HOW TO COMPLETE THIS TASK = Leave the pictures out, and repeat exactly each line from the one that holds "Men's Jeans Skinny" through the final line of the entries below.

[Web page caption snippets]
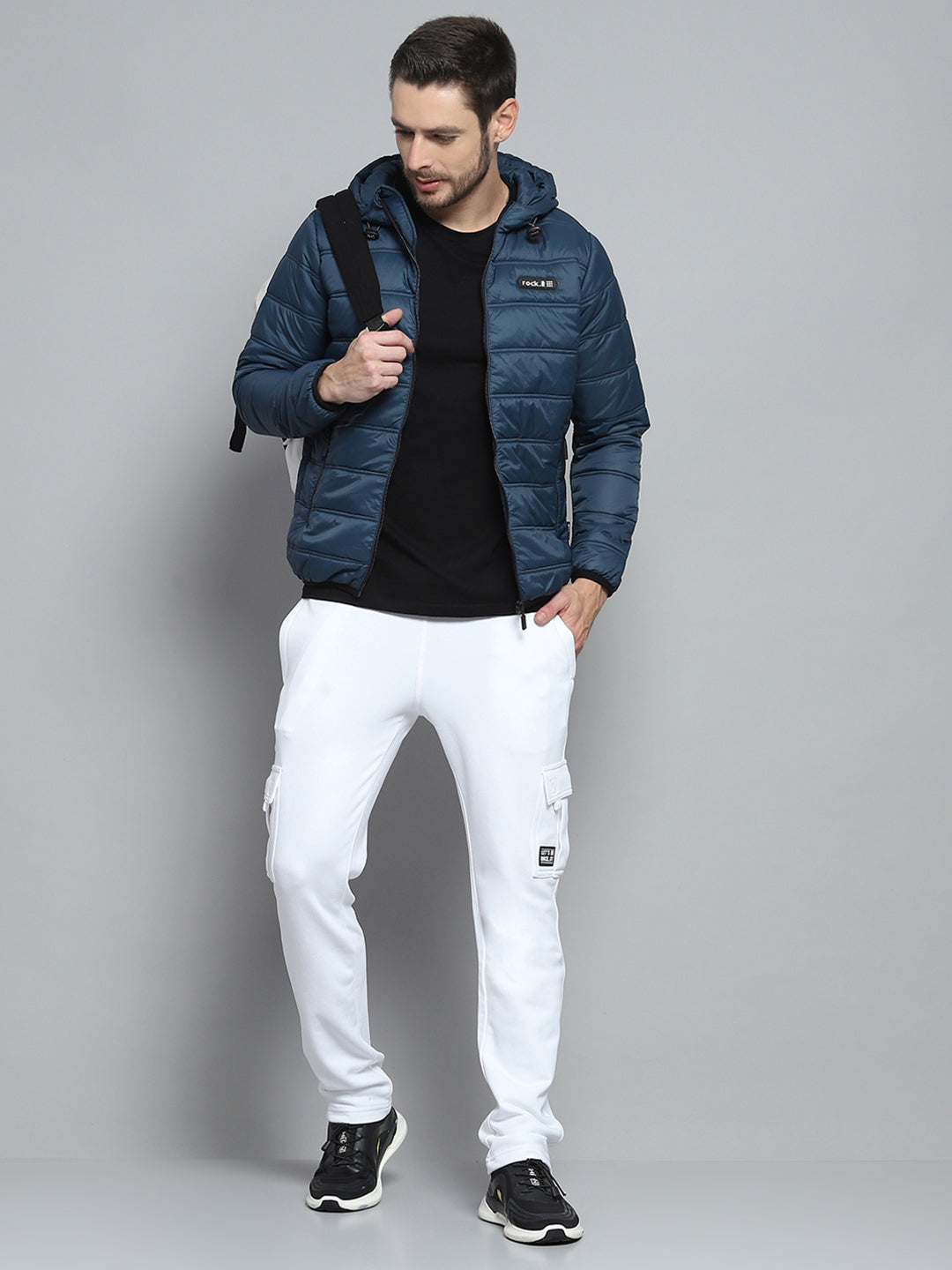 Rock.it Men Blue Printed Hooded Full Sleeve Jacket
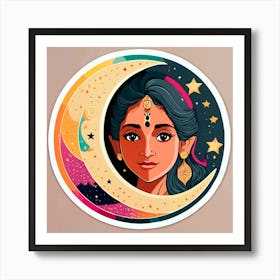 A young woman surrounded by vivid stars Art Print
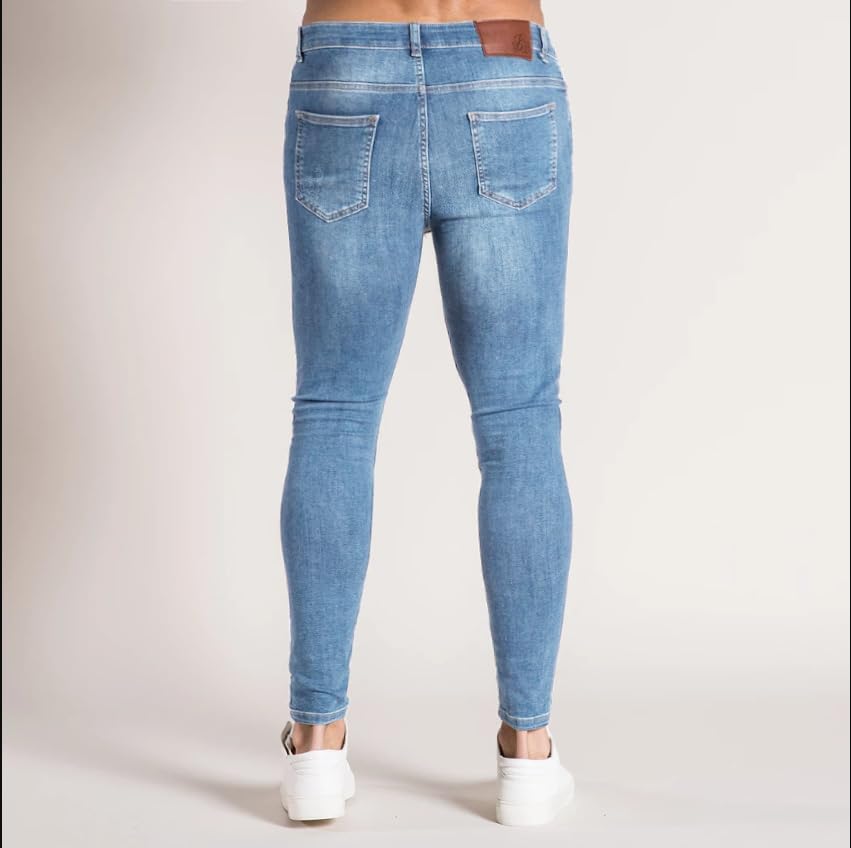 Men's Jeans Skinny Slim Fit Ripped Straight Leg Distressed Fashion Denim Pants3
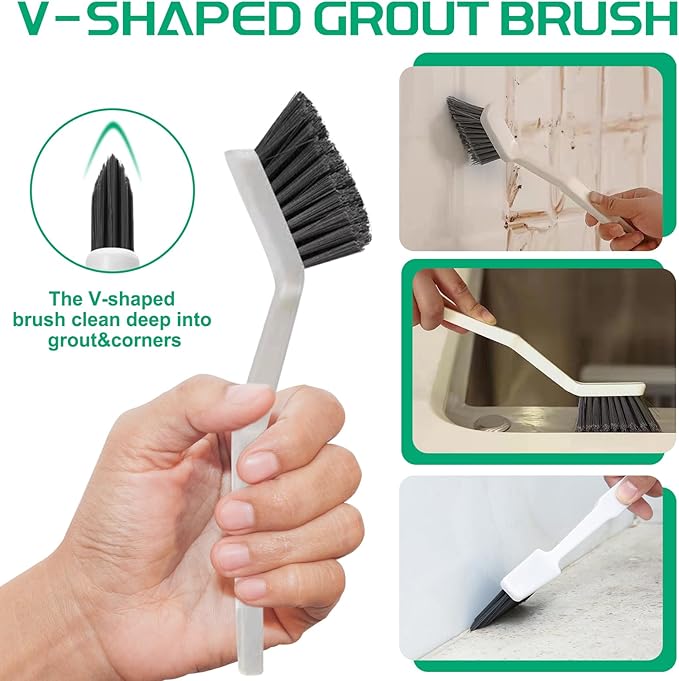 15PCS Cleaning Brush Set for Household – V Shape Grout Brush, Multi-Purpose Household Cleaning Tools for Kitchen, Bathroom, Sink, Grout, Cup, Teapot, Blender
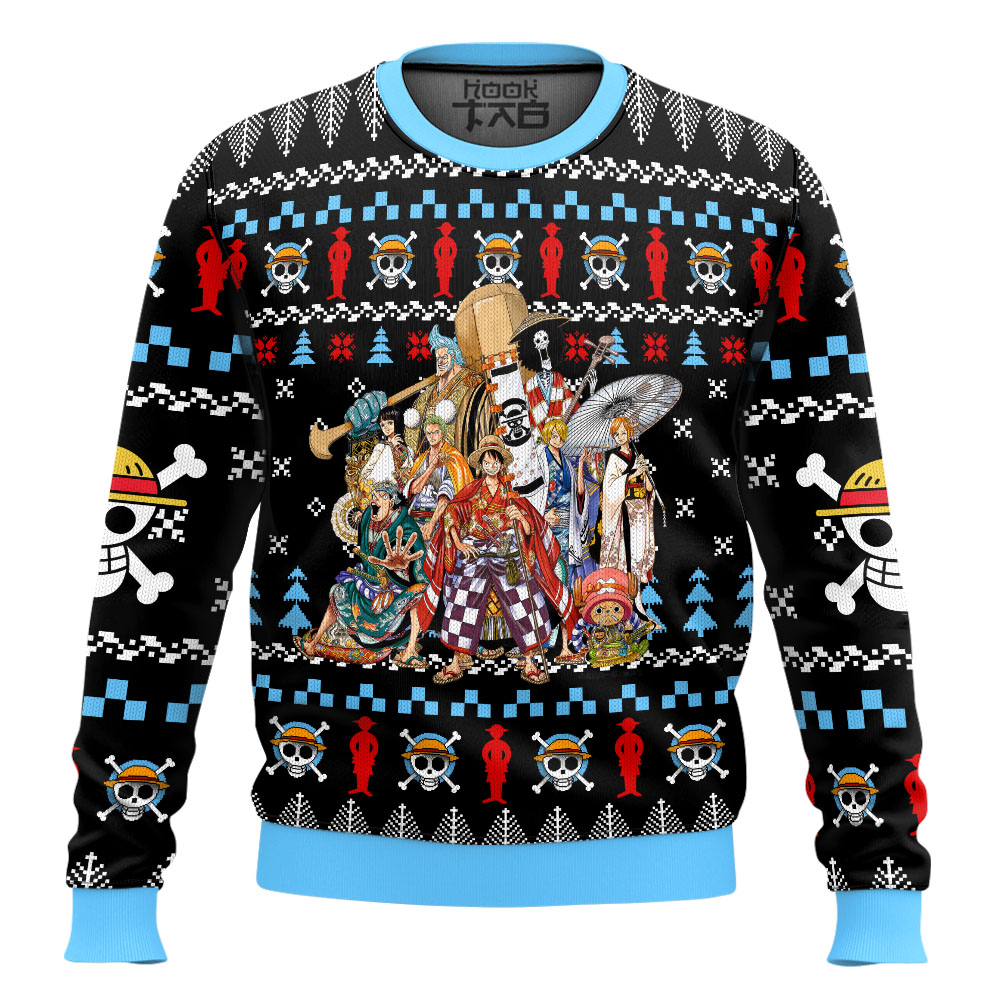 Hooktab Straw Hat Crew One Piece Ugly Christmas Sweater Hooktab Straw Hat Crew One Piece Ugly Christmas Sweater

RESPONSE FOR THIS EXERCISE =
 Men's Jeans Skinny Slim Fit Ripped Straight Leg Distressed Fashion Denim Pants3
 15PCS Cleaning Brush Set for Household – V Shape Grout Brush, Multi-Purpose Household Cleaning Tools for Kitchen, Bathroom, Sink, Grout, Cup, Teapot, Blender
 Hooktab Straw Hat Crew One Piece Ugly Christmas Sweater Hooktab Straw Hat Crew One Piece Ugly Christmas Sweater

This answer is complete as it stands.